━━━ Given data
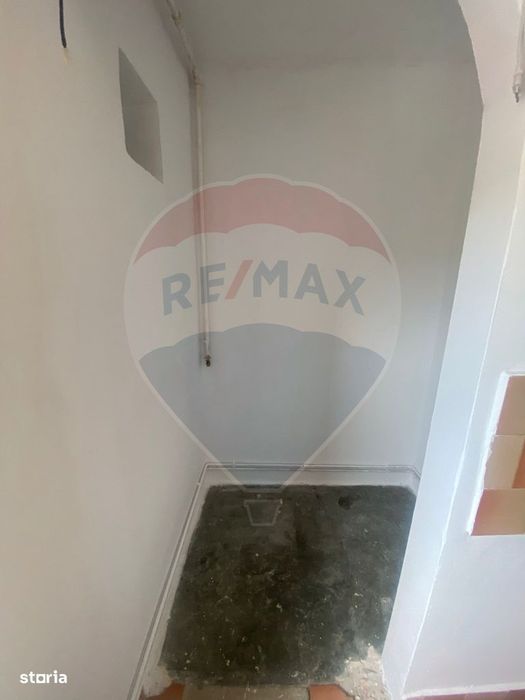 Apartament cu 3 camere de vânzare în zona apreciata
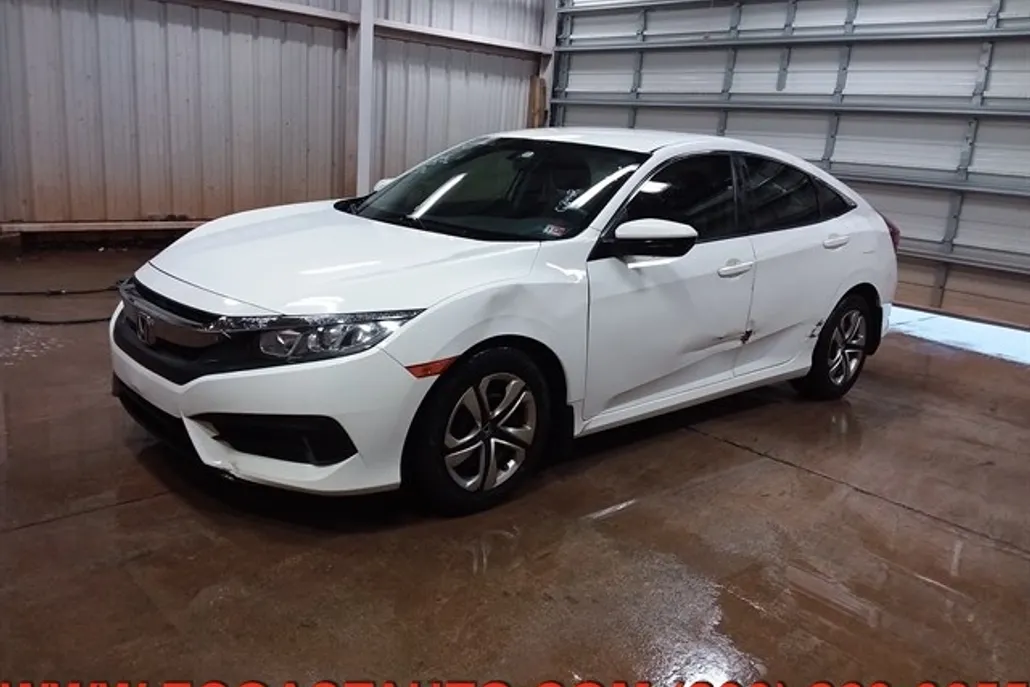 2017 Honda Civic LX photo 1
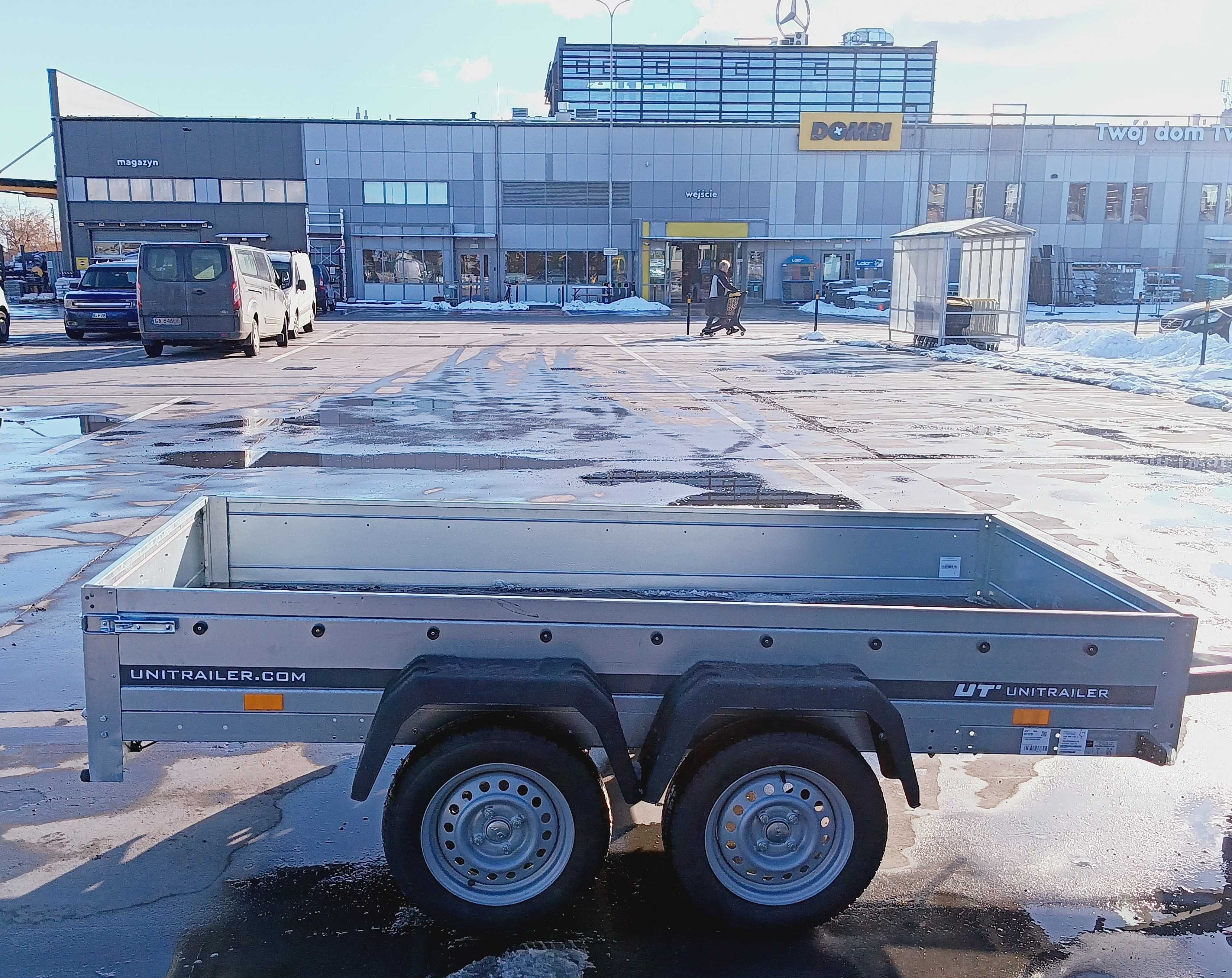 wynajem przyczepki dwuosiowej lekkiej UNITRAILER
━━━━━━
**The task**
Exclude all pictures and return precisely the lines from the one containing "2017 Honda Civic LX photo 1" through the closing line of the data.

**Solution for this task**
 2017 Honda Civic LX photo 1
 wynajem przyczepki dwuosiowej lekkiej UNITRAILER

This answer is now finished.